|September 11, 2020||Singles Division||2020|
Only three players have ever come back from a 6-point deficit heading into the final round. Cody “The Olympian” Miller did it against JTE in Season 3. Josh “The Wildman” Macuga did it against Finstock in Season 4. And now, “Dangerous” Dan Murrell continues to prove why he’s the Greatest Player of All Time by adding his name to the list.
Murrell (16-5) overcomes all odds and defeats his factionmate, Ben “The Boss” Bateman (11-7), 29-28 to earn his sixth career Singles title defense, and his second defense during his current title reign.
“Bateman is like-it’s like The Terminator,” Murrell said coming into the match. “I’m the T-800, I’m the dusty old tank. And, he’s the T-1000. If you knock him down, if you blow him into pieces, he melts himself down and reforms and comes back at you. You can’t escape the guy. So, I know that he has learned, he’s a learning machine. He’s learned from the last encounter and I better be ready.”
What the champion neglected to mention is that the T-800 beats the T-1000 at the end of Terminator 2: Judgment Day, and that’s exactly what went down in this one.
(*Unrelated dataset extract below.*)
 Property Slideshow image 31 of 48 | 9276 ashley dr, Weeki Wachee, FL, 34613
The match was exactly what many expected it to be at the end of the first round, with the score tied at 7-7. Given the option, Murrell did as he always does in Round Two, differing to his opponent who spun the category of James Bond. The Boss didn’t fare as well as he would have liked picking up 6 PTS off a 3/4 performance and relinquishing a 1-point steal to the champion. Luckily, Murrell faired similarly in the category of Alfred Hitchcock, picking up 5 PTS off of a 3/4 performance to keep the game tied at 13-13.
Just like when the pair faced off for the first time in Atlanta, the betting round is where the momentum really swung in favor of Bateman. The Boss was able to secure a 5-point swing in Round Three after he knocked down the Hitchcock question and his opponent missed. Bateman then capitalized on this momentum boost in Round Four as he went 9/9 for 9 PTS in the speed round to gain a 25-19 lead on the champion.
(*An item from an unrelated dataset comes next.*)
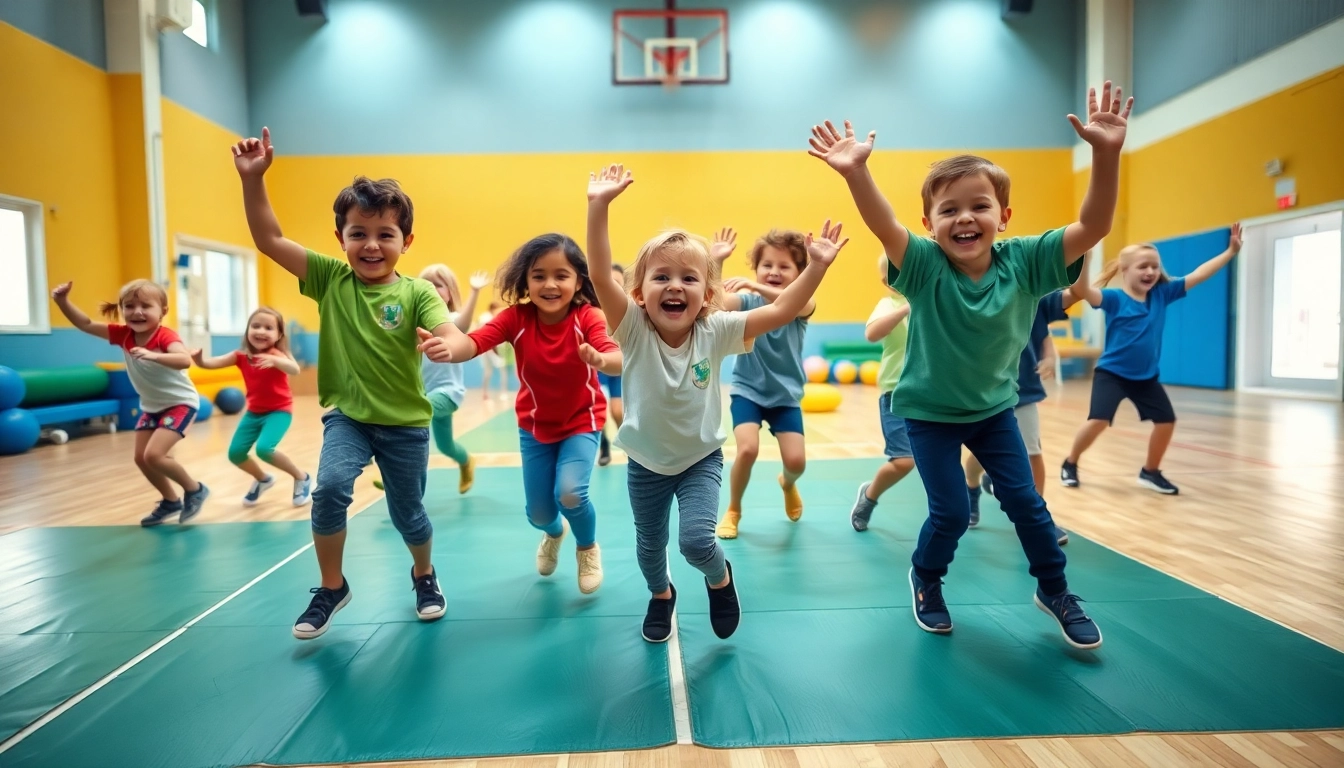 Hier mehr erfahren ueber begeisterte Kinder, die Bewegungsspiele in der Turnhalle spielen.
“Look man, we are taking it one question at a time and that’s all there is to it,” Bateman said heading into Round Five. “We wanted to be up six. That’s all we wanted was we wanted to be up six.”
Nevertheless, champions close matches and that’s exactly what Murrell did in the final round. The champion knocked down all three questions in Round Five to go up four points on his opponent and avoid the technical knockout. Unfortunately for as good as The Boss was playing to that point he couldn’t match his opponent. Bateman missed a difficult 2-point question, and couldn’t come up with the 5-pointer to win the game and become champion once again.
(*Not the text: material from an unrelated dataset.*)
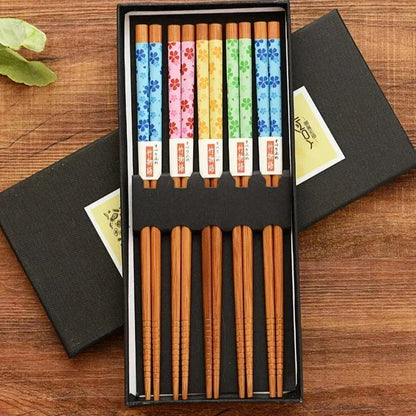 5-Piece Bamboo Chopsticks Gift Set with Decorative Cultural Patterns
Murrell was speechless following the 29-28 win.
“I did [think Bateman knew his 5-pointer]. I didn’t know the answer to that question and that answer made complete sense to me,” Murrell said. “I mean, literally, I finished answering my questions [and] Mara [Knopic] walked in here ready to console me because I did not expect to win this.”
On the opposite side of things, Bateman was frustrated not only in himself but also in how alone he felt going into this match.
“I put everything I had into this match, man,” The Boss said following the match. “I did. I put everything I had. I stamped a guarantee on it, and once again, it barely slips through my fingers. On a 2-point question on a major franchise! Now, I’m doing all of the work over here. I’m doing all the work. I mean, I’m putting everything I have into this, … and where’s my manager? He’s advising me to bet less points in Round Two. Good job Gucci! Where’s John [Rocha]? He’s on my show with me every week, [and] I haven’t heard from John for strategy all week. I haven’t gotten a text from Mark Reilly, I’m sitting here by myself. I got the Barbarian putting in tons of work because that guy is on my team. But, I did this myself.”
Bateman is done for the season following the loss and the announcement earlier this week that the Founding Fathers would be entering the Teams Tournament for the Finstock Exchange.
Meanwhile, Dan Murrell advances to Schmoedown Spectacular to take on the winner of the Ultimate Schmoedown Singles Tournament and attempt to make history by becoming the first person to ever defend the Singles title three times.